* THE DATA
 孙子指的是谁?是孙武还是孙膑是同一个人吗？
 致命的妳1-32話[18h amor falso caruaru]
==
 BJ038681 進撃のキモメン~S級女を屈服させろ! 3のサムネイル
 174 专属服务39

* YOUR OBJECTIVE
Copy the lines above exactly, beginning at the line that has "孙子指的是谁?是孙武还是孙膑是同一个人吗？" and stopping after the line that has "致命的妳1-32話[18h amor falso caruaru]", and omit the rest.

* RESULT
 孙子指的是谁?是孙武还是孙膑是同一个人吗？
 致命的妳1-32話[18h amor falso caruaru]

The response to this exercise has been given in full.